Abb. 1: Die historische Aufnahme der kleinen (verlorenen) Gemäldegalerie des Zwettler Zimmers in Stift Altenburg ist ein Beispiel für historische Präsentationsformen (Foto um 1911): Kunstwerk und Raum gehen eine ästhetische Symbiose ein; die einzelnen Objekte stehen in beziehungsvoller Spannung zueinander. © Stiftsarchiv Zwettl

 

Ein Blick in die Geschichte macht hingegen deutlich, dass diese Spannung von Verschlossenheit – Claustrum – und Öffnung schon sehr lange die Geschichte der Klöster begleitet. Sie erweist sich, bei allen Risiken als Potenzial und nicht bloß als Preisgabe des eigenen Ideals. Der Blick zurück konfrontiert aber auch mit den Hintergründen von Erwartungen und Skepsis, die den Klöstern entgegengebracht werden. Seit Jahrhunderten.

 

Das (barocke) Kloster – ein Schauobjekt?

 

Als man sich anno 1722 im Waldviertler Zisterzienserstift Zwettl zum Um- bzw. Neubau der Stiftskirche rüstete, war die Aufregung groß. Scheinbar aus einem Missverständnis heraus wurden Pläne des genialischen Barockarchitekten Giovanni Biagio Santini-Aichel (*1677, †1723) für das böhmische Kloster Plasy/Plass, die über die internationalen Kontakte des Zwettler Abtes Melchior von Zaunagg (*1667, †1747) nach Zwettl gelangt waren, mit hochfahrenden Vorhaben eines kompletten Stiftsneubaues in Verbindung gebracht.

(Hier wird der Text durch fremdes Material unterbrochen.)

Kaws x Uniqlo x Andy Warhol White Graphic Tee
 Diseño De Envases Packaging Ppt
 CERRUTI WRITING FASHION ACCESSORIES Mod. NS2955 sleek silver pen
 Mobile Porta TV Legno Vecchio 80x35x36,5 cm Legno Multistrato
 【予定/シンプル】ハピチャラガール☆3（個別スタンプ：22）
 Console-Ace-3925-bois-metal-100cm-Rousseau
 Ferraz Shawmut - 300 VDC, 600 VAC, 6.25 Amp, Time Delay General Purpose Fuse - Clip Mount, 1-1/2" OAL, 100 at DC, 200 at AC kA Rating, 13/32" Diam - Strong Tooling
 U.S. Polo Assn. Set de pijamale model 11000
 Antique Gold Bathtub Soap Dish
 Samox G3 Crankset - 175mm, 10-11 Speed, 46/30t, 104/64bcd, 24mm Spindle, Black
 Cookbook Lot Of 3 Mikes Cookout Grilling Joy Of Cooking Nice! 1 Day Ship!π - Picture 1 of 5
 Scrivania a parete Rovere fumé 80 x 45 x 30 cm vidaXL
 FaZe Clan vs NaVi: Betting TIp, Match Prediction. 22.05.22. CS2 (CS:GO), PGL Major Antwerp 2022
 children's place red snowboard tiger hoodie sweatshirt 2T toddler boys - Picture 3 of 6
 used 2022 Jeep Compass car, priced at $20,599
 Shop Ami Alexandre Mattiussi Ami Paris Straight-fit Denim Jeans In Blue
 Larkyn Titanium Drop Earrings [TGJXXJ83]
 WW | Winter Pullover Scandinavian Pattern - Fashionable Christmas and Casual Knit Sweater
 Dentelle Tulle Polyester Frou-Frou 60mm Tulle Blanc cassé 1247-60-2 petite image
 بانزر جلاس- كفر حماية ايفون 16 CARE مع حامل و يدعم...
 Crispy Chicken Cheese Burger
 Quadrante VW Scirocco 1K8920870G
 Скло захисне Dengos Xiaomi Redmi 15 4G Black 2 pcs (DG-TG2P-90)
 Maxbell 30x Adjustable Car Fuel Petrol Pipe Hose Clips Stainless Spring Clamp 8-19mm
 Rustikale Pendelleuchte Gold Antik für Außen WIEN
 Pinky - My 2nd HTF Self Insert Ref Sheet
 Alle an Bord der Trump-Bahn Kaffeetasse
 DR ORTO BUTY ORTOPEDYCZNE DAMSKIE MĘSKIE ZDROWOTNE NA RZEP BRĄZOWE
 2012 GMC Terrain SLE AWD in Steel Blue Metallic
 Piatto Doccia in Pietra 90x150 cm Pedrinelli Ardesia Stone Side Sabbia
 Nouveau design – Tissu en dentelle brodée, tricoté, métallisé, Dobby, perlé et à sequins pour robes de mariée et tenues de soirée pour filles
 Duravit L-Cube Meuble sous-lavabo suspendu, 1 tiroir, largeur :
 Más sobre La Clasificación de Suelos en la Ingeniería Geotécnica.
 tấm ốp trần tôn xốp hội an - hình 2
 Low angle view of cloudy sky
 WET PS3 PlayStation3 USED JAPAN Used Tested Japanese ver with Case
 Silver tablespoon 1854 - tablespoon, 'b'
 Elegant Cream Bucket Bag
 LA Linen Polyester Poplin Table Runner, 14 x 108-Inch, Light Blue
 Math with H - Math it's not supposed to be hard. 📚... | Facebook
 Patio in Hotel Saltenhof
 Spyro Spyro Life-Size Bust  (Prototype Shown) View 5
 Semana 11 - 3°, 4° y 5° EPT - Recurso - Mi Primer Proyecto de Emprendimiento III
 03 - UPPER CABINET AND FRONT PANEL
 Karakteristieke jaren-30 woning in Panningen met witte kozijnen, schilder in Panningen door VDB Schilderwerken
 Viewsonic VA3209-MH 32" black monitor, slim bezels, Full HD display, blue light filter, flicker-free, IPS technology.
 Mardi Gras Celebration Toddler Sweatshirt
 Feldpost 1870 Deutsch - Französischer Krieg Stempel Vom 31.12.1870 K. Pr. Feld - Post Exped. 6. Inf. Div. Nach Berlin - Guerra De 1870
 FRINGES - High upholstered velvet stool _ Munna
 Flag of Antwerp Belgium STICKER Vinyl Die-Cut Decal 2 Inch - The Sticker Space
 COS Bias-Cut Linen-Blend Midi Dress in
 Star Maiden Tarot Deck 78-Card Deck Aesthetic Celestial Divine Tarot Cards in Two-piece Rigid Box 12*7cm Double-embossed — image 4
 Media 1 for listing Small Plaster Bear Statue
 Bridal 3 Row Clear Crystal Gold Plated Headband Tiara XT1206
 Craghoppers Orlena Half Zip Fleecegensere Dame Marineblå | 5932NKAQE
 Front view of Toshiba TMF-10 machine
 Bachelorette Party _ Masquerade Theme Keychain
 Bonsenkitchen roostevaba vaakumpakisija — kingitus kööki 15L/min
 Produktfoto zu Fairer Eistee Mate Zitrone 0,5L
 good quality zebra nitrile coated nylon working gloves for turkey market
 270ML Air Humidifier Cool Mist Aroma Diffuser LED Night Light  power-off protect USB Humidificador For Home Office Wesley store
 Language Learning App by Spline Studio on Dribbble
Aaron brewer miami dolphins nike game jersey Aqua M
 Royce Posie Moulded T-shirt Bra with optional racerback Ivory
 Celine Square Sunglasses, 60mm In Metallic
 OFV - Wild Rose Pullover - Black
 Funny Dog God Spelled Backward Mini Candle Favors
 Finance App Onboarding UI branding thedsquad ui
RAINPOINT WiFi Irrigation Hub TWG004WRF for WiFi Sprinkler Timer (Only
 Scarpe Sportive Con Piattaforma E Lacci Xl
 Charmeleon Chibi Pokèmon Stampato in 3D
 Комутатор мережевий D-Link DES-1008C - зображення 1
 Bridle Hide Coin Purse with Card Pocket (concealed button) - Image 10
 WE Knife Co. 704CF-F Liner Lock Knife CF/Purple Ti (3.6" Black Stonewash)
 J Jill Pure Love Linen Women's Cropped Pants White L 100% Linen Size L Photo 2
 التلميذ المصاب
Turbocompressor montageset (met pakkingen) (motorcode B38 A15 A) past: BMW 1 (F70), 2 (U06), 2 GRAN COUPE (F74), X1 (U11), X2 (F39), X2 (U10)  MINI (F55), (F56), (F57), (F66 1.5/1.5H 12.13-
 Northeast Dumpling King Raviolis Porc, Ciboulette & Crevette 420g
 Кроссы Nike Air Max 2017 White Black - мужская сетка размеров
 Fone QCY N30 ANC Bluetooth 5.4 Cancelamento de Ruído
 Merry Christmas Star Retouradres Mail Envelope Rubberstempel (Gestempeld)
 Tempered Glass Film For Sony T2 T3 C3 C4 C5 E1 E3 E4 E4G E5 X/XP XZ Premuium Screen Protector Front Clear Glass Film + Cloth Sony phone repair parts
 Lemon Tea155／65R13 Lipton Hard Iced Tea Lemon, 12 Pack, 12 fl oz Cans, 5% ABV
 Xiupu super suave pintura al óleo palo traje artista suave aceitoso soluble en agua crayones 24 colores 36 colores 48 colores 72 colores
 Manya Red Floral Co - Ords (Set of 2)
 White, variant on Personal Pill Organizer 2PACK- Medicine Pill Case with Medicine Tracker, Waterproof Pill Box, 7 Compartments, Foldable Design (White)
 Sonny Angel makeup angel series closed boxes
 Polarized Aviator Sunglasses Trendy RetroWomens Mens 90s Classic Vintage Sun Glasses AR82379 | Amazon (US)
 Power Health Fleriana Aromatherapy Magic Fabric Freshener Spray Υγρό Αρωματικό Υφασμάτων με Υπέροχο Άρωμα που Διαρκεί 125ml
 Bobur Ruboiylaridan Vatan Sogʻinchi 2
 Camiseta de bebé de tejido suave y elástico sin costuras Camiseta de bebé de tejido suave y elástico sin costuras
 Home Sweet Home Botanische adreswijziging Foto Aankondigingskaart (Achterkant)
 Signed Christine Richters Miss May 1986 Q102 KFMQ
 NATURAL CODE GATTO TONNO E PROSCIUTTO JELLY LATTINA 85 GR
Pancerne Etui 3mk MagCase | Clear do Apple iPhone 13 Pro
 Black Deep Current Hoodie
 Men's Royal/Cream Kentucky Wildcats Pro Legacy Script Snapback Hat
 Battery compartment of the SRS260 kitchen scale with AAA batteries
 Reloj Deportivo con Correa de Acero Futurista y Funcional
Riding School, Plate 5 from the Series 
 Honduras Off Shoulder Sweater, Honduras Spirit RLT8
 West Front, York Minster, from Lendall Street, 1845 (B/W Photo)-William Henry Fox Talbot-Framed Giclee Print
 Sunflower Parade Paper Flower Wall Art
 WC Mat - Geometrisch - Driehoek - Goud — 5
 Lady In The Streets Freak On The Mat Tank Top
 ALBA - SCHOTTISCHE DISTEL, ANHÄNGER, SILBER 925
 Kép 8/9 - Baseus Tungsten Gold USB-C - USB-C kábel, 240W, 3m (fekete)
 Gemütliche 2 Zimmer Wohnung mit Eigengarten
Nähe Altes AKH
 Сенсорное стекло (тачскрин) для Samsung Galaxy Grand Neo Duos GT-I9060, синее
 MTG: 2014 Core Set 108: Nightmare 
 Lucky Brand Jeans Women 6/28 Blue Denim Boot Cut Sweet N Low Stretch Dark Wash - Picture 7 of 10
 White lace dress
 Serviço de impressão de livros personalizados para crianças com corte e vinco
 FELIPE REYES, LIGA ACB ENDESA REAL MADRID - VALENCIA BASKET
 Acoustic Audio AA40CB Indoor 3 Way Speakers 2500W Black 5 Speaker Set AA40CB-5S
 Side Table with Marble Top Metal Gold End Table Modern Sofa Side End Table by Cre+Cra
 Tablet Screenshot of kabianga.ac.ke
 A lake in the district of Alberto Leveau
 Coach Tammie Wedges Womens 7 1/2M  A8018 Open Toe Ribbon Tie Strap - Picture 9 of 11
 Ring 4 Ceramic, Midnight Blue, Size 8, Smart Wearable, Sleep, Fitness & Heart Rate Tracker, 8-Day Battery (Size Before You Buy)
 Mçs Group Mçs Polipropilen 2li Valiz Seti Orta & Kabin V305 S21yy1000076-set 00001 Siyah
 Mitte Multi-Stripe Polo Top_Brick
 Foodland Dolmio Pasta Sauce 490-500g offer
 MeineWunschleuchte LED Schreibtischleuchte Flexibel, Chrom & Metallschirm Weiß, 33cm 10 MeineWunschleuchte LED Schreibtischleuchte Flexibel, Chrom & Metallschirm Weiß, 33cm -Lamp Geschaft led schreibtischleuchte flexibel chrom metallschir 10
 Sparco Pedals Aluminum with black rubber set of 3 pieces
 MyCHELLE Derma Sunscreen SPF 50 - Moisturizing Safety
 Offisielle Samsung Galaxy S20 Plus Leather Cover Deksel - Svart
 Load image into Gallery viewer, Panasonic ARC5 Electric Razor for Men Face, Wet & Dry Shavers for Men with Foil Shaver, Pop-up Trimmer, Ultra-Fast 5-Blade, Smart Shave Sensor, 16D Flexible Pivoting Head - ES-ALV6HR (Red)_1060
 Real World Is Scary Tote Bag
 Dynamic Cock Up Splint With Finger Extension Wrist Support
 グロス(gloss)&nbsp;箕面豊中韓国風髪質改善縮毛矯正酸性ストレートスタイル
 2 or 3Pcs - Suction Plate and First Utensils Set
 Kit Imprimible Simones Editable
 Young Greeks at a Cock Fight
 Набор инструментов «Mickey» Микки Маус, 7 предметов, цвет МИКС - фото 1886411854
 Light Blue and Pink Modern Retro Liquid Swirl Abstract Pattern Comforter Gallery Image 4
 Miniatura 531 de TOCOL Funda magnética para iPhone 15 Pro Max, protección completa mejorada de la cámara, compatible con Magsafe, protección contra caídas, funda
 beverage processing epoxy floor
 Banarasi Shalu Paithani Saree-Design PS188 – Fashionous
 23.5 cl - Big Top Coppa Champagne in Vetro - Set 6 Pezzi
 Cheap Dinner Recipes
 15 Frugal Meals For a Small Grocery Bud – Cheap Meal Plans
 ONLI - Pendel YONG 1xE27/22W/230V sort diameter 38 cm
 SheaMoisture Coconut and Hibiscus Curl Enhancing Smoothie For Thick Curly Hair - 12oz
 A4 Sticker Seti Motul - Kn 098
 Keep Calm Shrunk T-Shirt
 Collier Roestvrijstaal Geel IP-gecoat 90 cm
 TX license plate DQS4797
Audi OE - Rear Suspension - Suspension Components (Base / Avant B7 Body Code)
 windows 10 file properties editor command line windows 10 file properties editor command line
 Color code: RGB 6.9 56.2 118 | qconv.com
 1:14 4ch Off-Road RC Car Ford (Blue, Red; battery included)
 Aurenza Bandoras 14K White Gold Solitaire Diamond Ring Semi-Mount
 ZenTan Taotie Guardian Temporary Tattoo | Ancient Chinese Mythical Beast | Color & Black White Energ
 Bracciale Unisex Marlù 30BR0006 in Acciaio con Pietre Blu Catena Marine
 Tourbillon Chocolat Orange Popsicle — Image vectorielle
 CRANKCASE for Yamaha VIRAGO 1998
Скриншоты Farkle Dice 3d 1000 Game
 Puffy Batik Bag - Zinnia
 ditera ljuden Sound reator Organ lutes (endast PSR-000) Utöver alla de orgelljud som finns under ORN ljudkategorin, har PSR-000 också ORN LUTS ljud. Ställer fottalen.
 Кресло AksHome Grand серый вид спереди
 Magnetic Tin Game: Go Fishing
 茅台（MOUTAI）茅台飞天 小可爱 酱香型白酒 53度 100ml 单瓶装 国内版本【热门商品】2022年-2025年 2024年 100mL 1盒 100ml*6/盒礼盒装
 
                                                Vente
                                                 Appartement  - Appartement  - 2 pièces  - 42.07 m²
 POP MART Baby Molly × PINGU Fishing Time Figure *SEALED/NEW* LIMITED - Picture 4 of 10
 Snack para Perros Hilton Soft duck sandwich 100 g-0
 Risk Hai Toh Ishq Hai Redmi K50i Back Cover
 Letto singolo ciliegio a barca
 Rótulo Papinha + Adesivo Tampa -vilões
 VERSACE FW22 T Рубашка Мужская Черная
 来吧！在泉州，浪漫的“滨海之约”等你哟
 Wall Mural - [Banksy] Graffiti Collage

Anonym richtete daraufhin einer der Mönche an den Abt ein wutentbranntes Schreiben, in dem er ausführlich die negativen Auswirkungen einer solchen Großbaustelle schilderte – für die Innenwahrnehmung barocker Baulust und der Abneigung wider derselben ein überaus kostbares Dokument.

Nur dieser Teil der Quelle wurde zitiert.